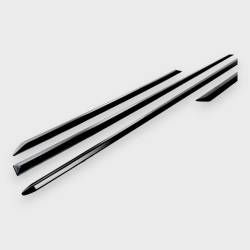 Trim Illusion - Trim Illusion SM6100BLK Black Universal Body Side Trim Molding 39"/22" - Image 2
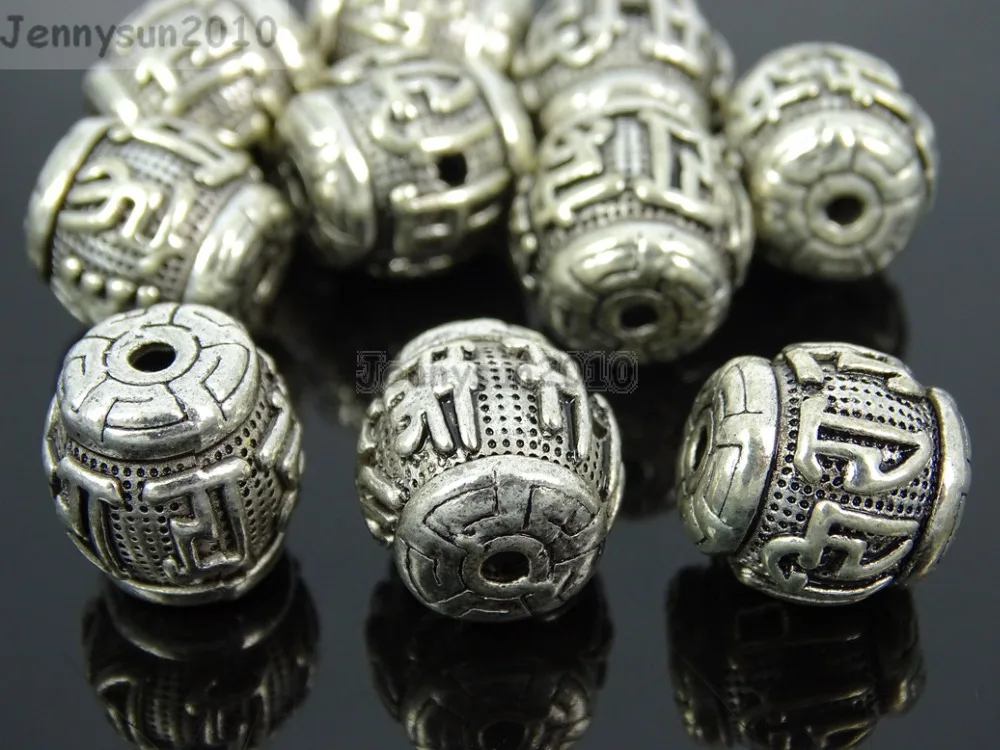 15mm Drum Vintage Patterned Tibetan Silver Spacer Connector Charm Beads 3 Hole Tibet Guru(Hollow) 50Pcs/Pack
15mm Drum Vintage Patterned Tibetan Silver Spacer Connector Charm Beads 3 Hole Tibet Guru(Hollow) 50Pcs/Pack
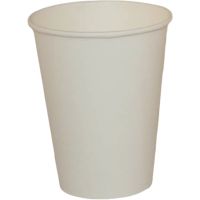 Стакан бумажный 350 мл 1 сл., d90 мм, бел., карт., 50 шт/упак 800 шт/кор РОССИЯ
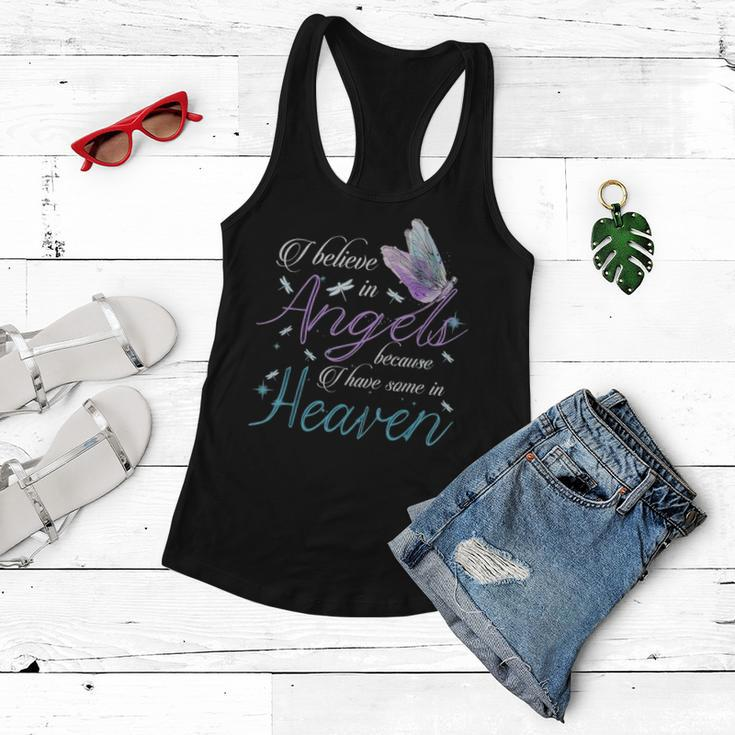 I Believe In Angels Because I Have Some In Heaven Mom & Dad Women Flowy Tank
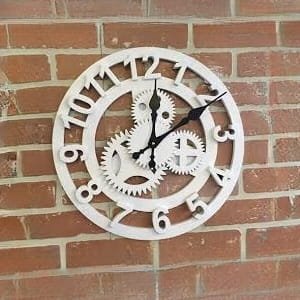 Laser Cut Spinning Wheels Wall Clock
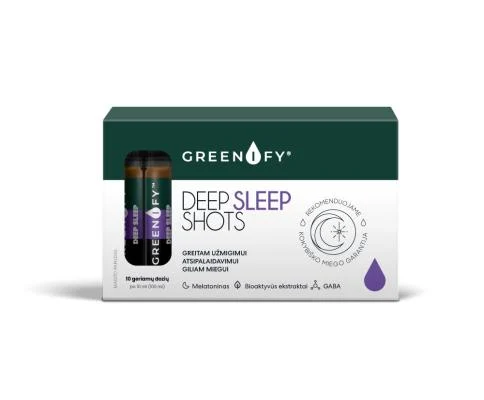 GREENIFY Deep Sleep Shots, 10 geriamų dozių po 10 ml (100ml)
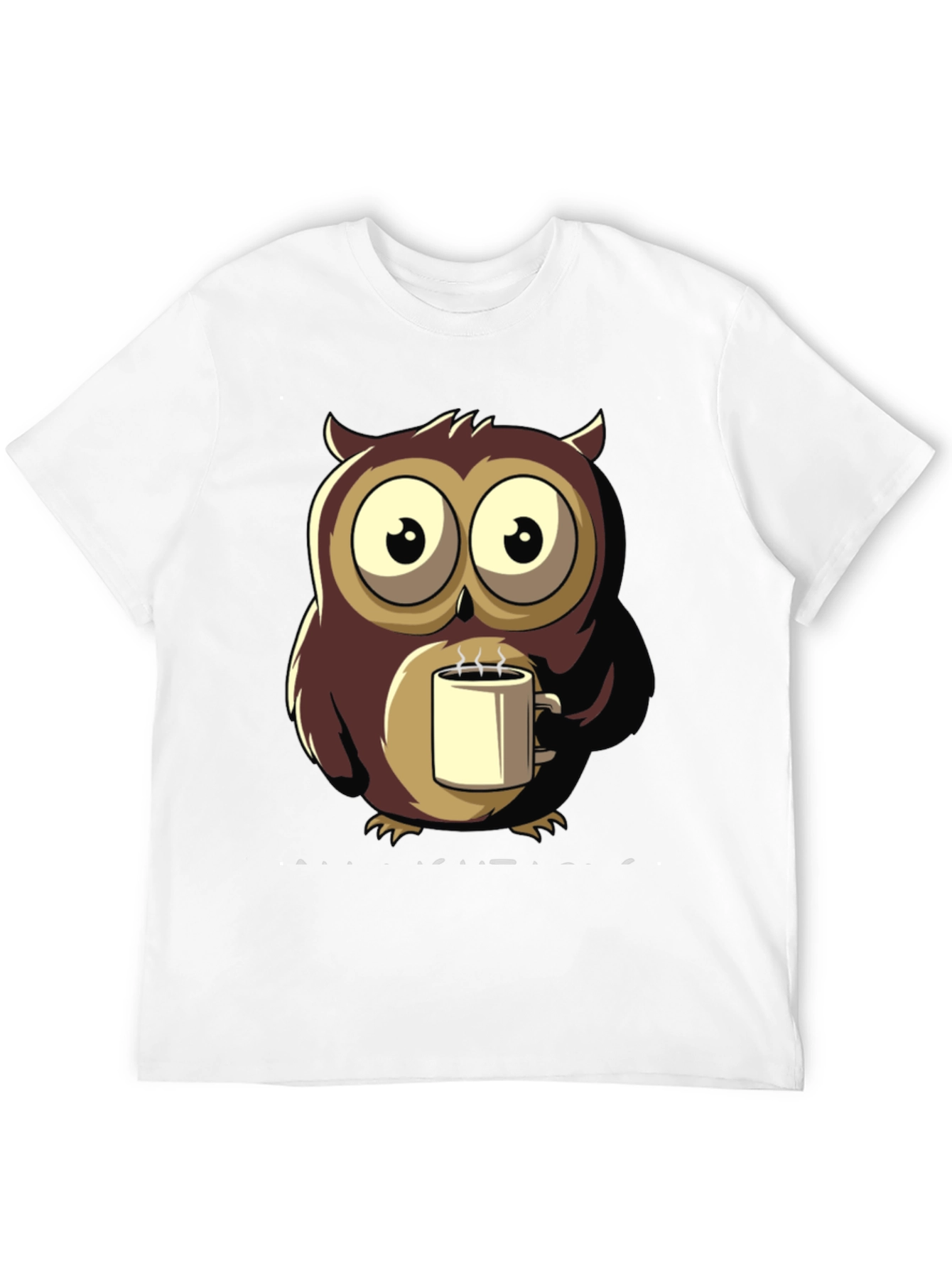 Owl Coffee T-Shirt - Unique Design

* _WHAT TO DO_:
Pictures aside, retype the entries above exactly as they are.

* _ANSWER SECTION_:
 Trim Illusion - Trim Illusion SM6100BLK Black Universal Body Side Trim Molding 39"/22" - Image 2
 15mm Drum Vintage Patterned Tibetan Silver Spacer Connector Charm Beads 3 Hole Tibet Guru(Hollow) 50Pcs/Pack
15mm Drum Vintage Patterned Tibetan Silver Spacer Connector Charm Beads 3 Hole Tibet Guru(Hollow) 50Pcs/Pack
 Стакан бумажный 350 мл 1 сл., d90 мм, бел., карт., 50 шт/упак 800 шт/кор РОССИЯ
 I Believe In Angels Because I Have Some In Heaven Mom & Dad Women Flowy Tank
 Laser Cut Spinning Wheels Wall Clock
 GREENIFY Deep Sleep Shots, 10 geriamų dozių po 10 ml (100ml)
 Owl Coffee T-Shirt - Unique Design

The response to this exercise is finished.